Puzzle solving is a big part of gameplay. You’ll spend a good deal of time figuring out how to unlock the door to the next level. Each area’s puzzles are well thought out and challenging almost to a fault: I was left scratching my head many times without a clue on how to figure out what to do only to resort to forums to find the answer. Killing enemies is just as important as puzzle solving. Some enemies block paths to vital keys and chests. On top of that, some puzzles require you to withstand an onslaught of enemies in order to progress. This is a good place to talk about the games incredible difficulty. Make no mistake; you’ll be reloading your last save countless times as one wrong move can spell doom for your entire party.
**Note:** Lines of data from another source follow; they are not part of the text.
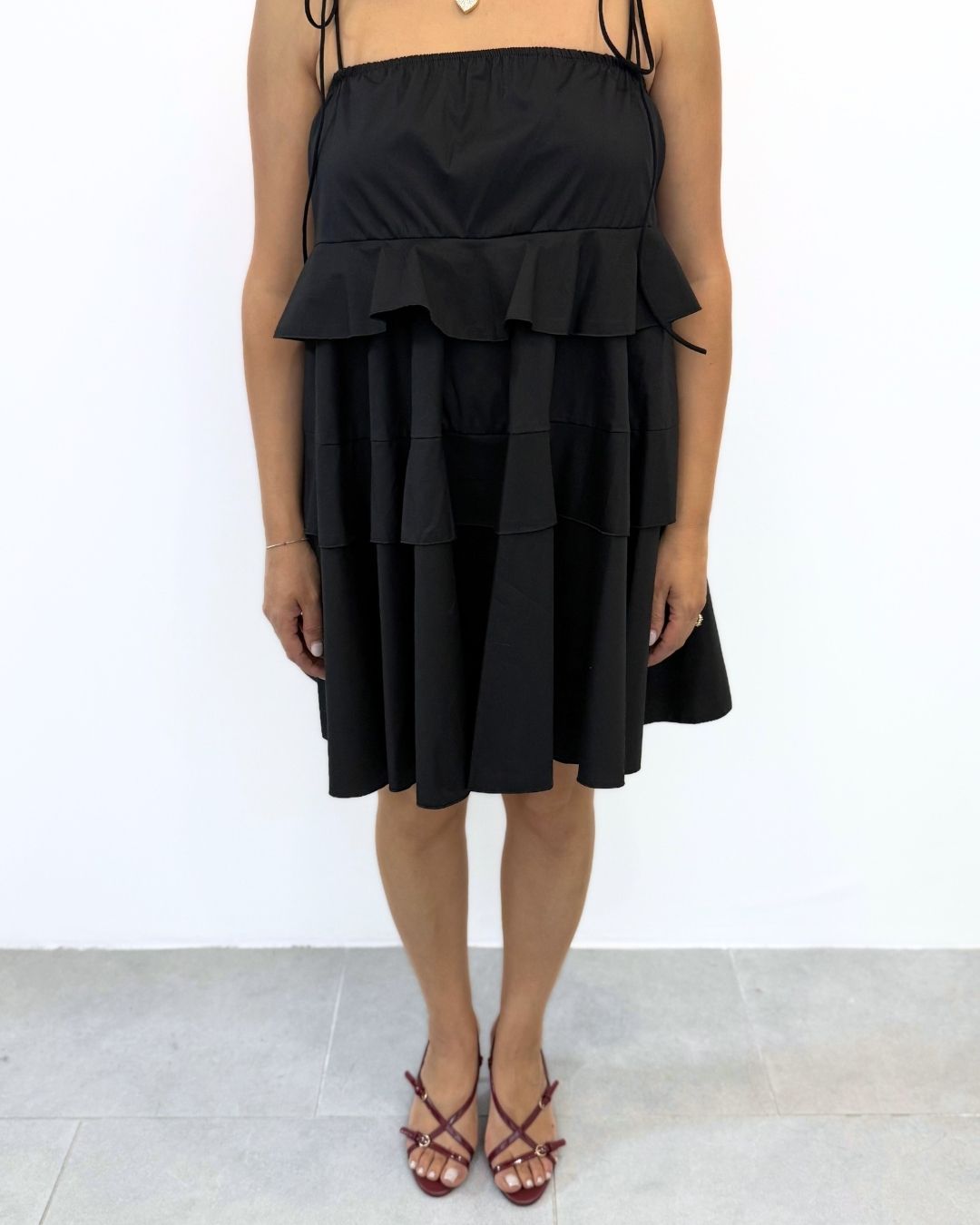 Mini Dress con Spallina Fiocco Nero art.6562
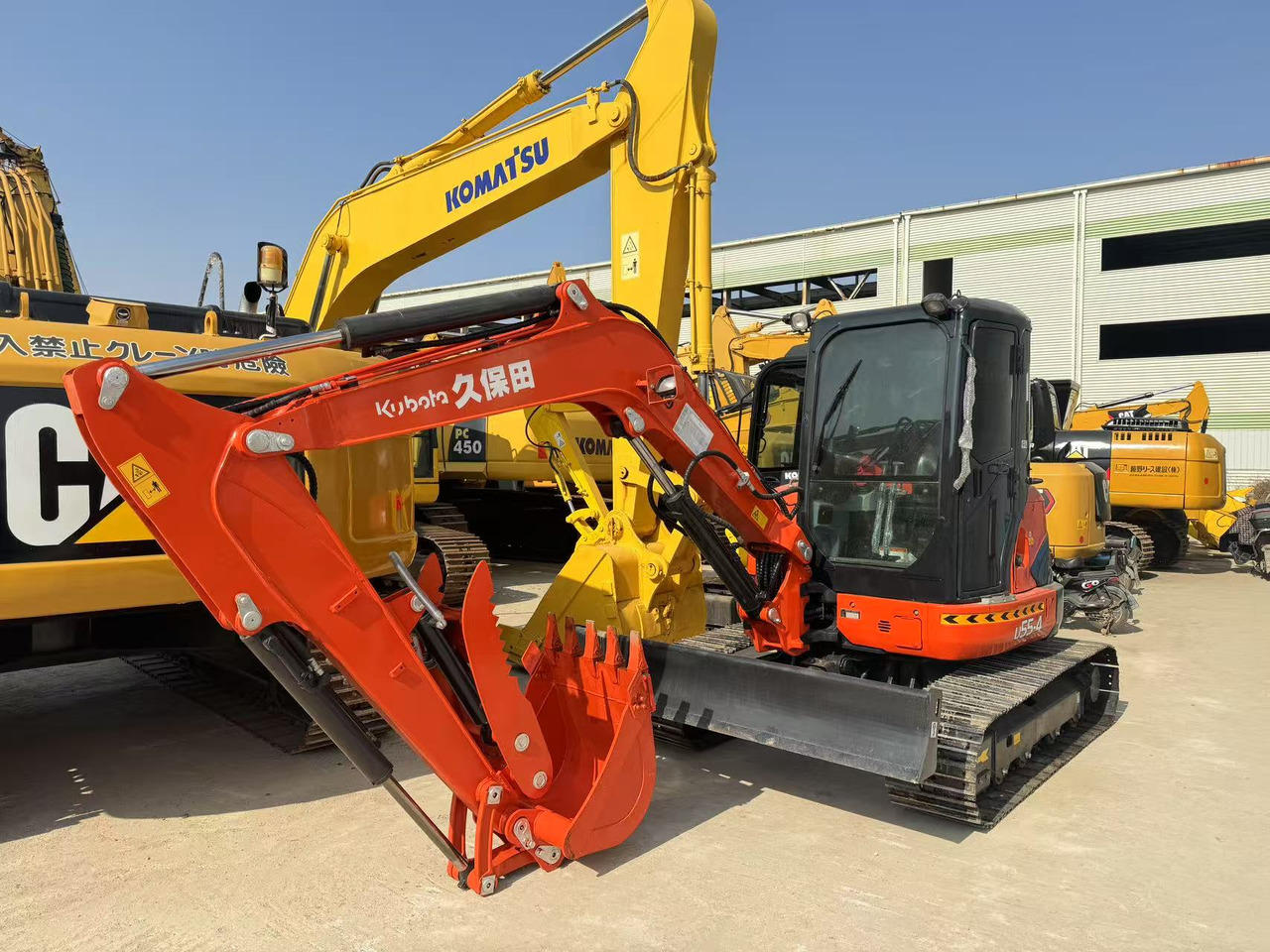KUBOTA U55-4 - Minikotró: 1 kép. KUBOTA U55-4 - Minikotró: 1 kép.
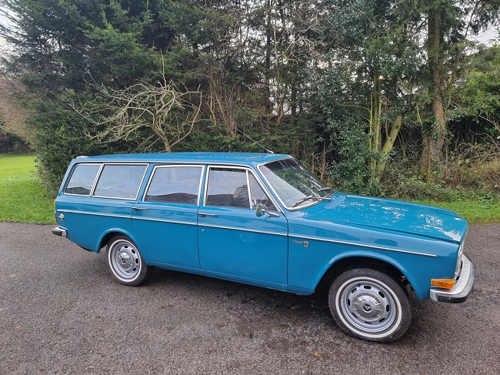 Blue car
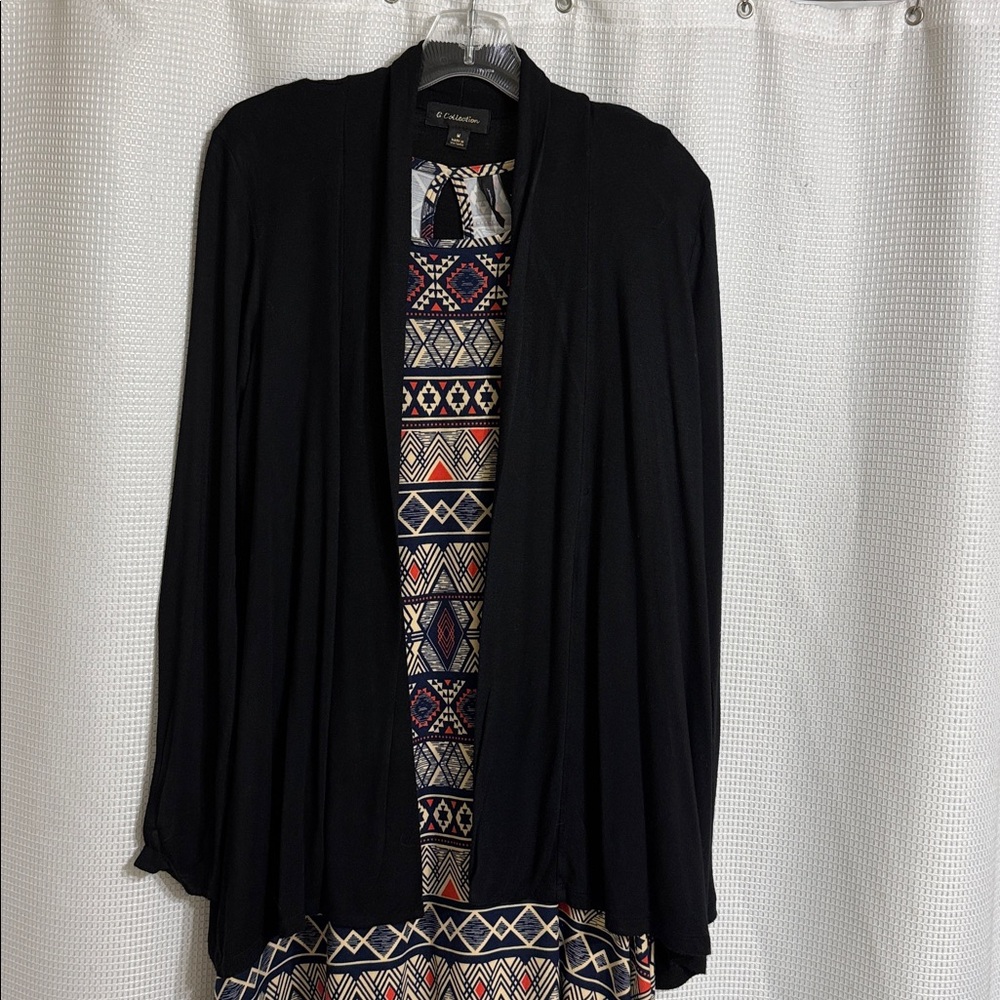 EUC  G Collection lightweight black open front knit cardigan. Size M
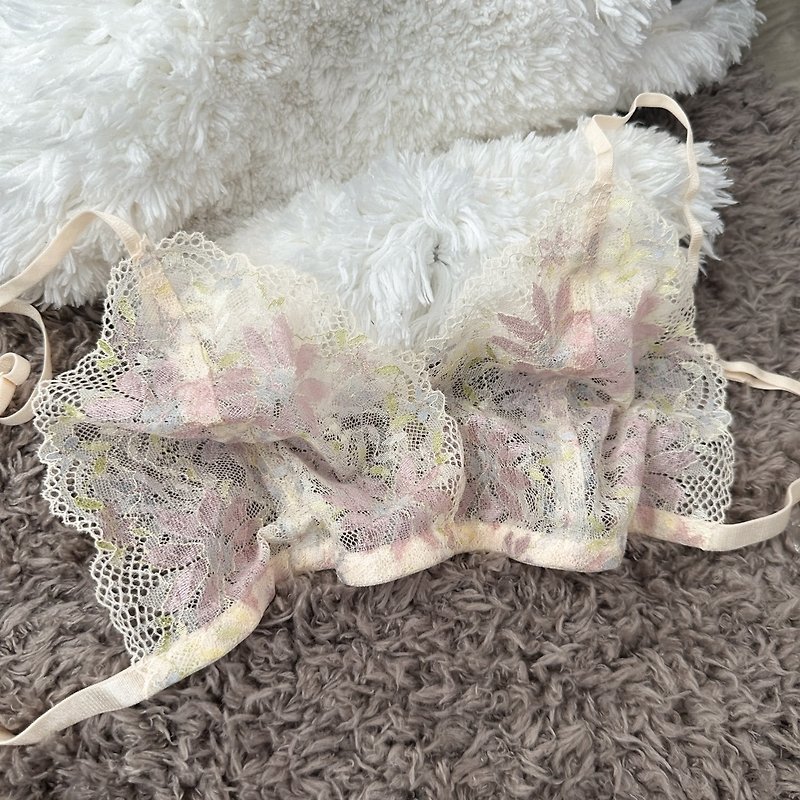 Only bra (Cream decorated with pastel flowers, basic see-through) - Women's Underwear - Other Materials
Trial and error is sometimes the best way to figure out what exactly needs to be done. Cheap deaths and the grueling difficulty can be killer and will steer many away (even on the lower difficulty setting). I recommend saving often to avoid a frustrating reload later. However, the constant loading of past saves gets to be very bothersome as you’ll frequently pause the action to save the game, breaking up a lot of the tension. Also there isn’t much in terms of post-game replay value other than running through the game again with a fresh set of heroes. There is an option to play additional dungeons, but at the time of release these are not available. On the whole, Legend of Grimrock nails the look and feel of older RPGs that it was going for, and subsequently retains the challenge most of these games presented.



Movement in the game will take some getting used to. The W, A, S, and D keys move your character forward, left, backward, and right respectively, with the Q and E keys turning them 90 degrees. I had to play around in the game’s starter level a few minutes to get the hang of everything. Attacking is done strangely as well. In the lower right corner of the screen is your characters’ portraits as well as what they’re holding in each hand, and you have to right-click on a weapon to use it. Whether it’s casting spells or swinging a sword, you have to right click on the item. There were plenty of times I accidently left-clicked on an item and removed it from the character’s hand instead of attacking, leading to yet another reload. The non-intuitive nature of the controls makes an already hard game even harder but for the wrong reasons.


Bottom Line

Legend of Grimrock tries to recreate to classic RPG and succeeds. The retro gameplay is an ironic breath of fresh air for the genre. A high challenge and rewarding leveling system makes each enemy kill worthwhile and addictive. Solving puzzles is just as satisfying as slaying ogres, but sometimes the difficulty can get the better of you with a particularly hard puzzle of fight. Overall Legend of Grimrock is an entertaining treat for classic gamers and RPG fanatics that dares to do something new (or rather, old) with the genre.

8 / 10

  1. Okay, how many of you thought this was a Skyrim mod?

    *Raises hand…*

  2. Once I learned what this game was, I became very interested. Having to resort to outside means (graph paper maps) to survive in a video game is a cool concept in my mind.